Virginia Tech upset Florida State 24-3 on the road and destroyed William and Mary 62-17 and was expected to do the same to the Monarchs.

ODU was a 29-point underdog. ESPN gave the Monarchs a 1.8 percent chance of winning.

“Yep, we had a chance, and that’s all we needed,” said Oshane Ximines, the senior defensive end from Ahoskie, N.C., with just a touch of sarcasm.

Ximines said the crowd at Foreman Field at S.B. Ballard Stadium was unlike anything he’d ever experienced. The throng was announced at 20,532, the most ever for an ODU home game, and 414 more the stadium’s capacity of 20,118.

And ODU fans, whom I have criticized in the past, deserve a lot of credit. There was a lot of maroon and orange at Ballard Stadium and I half expected the Hokies’ legendary legion of fans to turn Saturday night into a Tech pep rally.

It clearly wasn’t. And while Tech fans were loud, they were drowned out by the ODU faithful, who ended the game chanting “ODU, ODU,” over and over.

Unlike so many games I’ve seen, nearly everyone stayed until the game ended. No heading out the exits to hit the tailgate lots. People were glued to their seats.

“It was electric the whole game,” Ximines said. “Every time I looked back at the crowd, people were going nuts.

“It was an incredible feeling. Our crowd gave us an extra push.”

Ximines was often double teamed, but had two sacks, 2 ½ tackles for a loss, a quarterback hurry and seven tackles.
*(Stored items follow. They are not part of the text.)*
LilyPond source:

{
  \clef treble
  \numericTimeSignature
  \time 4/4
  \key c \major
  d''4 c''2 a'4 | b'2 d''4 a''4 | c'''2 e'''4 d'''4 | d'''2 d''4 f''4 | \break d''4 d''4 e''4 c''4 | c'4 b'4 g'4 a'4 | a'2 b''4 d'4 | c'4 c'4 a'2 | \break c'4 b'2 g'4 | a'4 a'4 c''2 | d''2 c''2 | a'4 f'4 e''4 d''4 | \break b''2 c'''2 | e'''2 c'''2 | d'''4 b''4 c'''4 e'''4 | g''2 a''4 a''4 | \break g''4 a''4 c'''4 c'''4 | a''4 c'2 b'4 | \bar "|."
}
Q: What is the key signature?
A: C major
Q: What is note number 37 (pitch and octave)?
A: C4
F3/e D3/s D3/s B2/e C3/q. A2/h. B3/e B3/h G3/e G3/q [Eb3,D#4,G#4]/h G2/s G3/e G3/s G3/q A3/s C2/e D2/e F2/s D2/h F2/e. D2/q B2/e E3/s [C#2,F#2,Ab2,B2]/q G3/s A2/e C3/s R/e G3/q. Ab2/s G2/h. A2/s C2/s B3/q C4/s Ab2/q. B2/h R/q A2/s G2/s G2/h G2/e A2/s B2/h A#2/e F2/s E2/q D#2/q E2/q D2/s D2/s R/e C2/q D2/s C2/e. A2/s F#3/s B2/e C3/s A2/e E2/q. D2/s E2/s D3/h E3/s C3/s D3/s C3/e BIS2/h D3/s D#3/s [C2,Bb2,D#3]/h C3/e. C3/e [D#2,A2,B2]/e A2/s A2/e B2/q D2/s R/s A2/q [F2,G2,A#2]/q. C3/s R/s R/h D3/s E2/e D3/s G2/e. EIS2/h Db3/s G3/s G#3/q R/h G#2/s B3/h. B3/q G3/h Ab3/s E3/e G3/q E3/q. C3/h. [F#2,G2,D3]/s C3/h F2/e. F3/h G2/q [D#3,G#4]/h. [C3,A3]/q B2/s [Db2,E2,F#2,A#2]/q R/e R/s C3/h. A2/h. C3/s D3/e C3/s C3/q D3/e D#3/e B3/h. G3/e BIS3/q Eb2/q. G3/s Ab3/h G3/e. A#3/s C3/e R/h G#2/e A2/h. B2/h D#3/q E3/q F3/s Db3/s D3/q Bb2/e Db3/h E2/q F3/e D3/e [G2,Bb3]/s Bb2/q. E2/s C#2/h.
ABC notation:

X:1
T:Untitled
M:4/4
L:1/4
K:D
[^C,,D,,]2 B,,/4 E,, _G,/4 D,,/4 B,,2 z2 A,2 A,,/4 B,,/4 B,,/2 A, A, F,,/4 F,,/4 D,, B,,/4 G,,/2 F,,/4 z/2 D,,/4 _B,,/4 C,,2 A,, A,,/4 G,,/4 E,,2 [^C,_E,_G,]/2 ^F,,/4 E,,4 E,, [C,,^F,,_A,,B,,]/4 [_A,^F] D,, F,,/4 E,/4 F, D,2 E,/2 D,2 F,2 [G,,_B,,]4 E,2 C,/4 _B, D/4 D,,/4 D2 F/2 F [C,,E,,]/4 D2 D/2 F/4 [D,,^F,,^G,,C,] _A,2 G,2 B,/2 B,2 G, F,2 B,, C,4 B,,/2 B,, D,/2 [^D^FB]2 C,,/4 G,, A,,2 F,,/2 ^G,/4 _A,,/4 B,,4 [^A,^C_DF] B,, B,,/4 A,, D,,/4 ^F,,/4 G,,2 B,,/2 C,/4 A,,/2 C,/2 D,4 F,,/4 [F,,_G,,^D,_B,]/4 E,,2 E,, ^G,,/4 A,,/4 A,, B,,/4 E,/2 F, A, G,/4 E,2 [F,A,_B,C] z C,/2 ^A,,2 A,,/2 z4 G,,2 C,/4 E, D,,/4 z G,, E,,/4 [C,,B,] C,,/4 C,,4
No doubt, he improved his stature with the NFL – eight pro scouts attended Saturday’s game to watch him.

But the hero of this game was quarterback Blake LaRussa, the former walk-on from Bishop Sullivan who completed 30 of 49 passes for 495 yards and four touchdowns.

Fulgham and Jonathan Duhart (9 receptions for 142 yards and 3 TDs) were his most frequent targets.

ODU’s defense gave up 600 yards, and on any other night, that might have spelled doom for the Monarchs.

Yet when ODU absolutely needed a defensive stop, they got one. Tech had the ball on ODU’s 21 and a third down with four yards to go with three minutes left. The Hokies needed a touchdown to tie the score.

Instead, ODU defenders batted away two Tech passes.

A few plays later, Jeremy Cox sprinted 40 yards for a TD that sealed the victory with 1:34 to go, and the celebration began.

Since ODU’s 28-25 loss at Charlotte on Sept. 15, naysayers have been all over social media trashing Wilder and even some of his players. So many have said that ODU never should have moved up to the Football Bowl Subdivision, and that Wilder can’t win at this level.

“I don’t listen to people outside of that locker room,” Ximines said, pointing behind him, but then said something that says he’s seen the talk on social media.

“We’ve got great coaches,” he said. “And anybody who says they’re not great coaches don’t know what they’re talking about.”

So many fans expected the Monarchs to get crushed. A few texted that they only hoped Tech would win by 28.

The players never stopped believing. All week long, they insisted this was a winnable game.

At 6:59 Saturday morning, ODU punter Bailey Cate Tweeted, “Why not us?”

Why not indeed.

“The world was able to see how good of a football team we are,” Ximines said. “Tonight, we made a statement about ODU football.”